Postby Pyrpolizer » Sat Oct 01, 2011 11:31 pm

There are so many places/areas in the occupied that haven't changed not only from 1974 but even before that.The first thing I recognized unchanged was that little round about in Nicosia that we used to take to go to Morphou, it is still there, same size as it was before 1963!!
Generally there is not much activity in the occupied, and there are many deserted or half deserted places.

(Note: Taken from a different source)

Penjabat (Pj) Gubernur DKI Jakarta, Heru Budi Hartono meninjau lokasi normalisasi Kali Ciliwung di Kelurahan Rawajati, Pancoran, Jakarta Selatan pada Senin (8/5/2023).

Even places where there are people for example the neighborhoods outside the barbed area of famagusta seem to have stagnated in time.You often see rusted street signs with the street name written in Greek The only new things you see everywhere are turkish flags, together with the flag of the pseudo :lol:

The bazaar shown in the pictures is a typical example of the many investments mainland Turks have done in the occupied-almost all of them a total economic failure, and abandoned. With the exception of the Kibrislis who hold government jobs the rest seem to be subemployed...
One thing that really puzzled me was that Kibrislis at their 30s could of speak Greek!!Wherefrom they learned it I don't know..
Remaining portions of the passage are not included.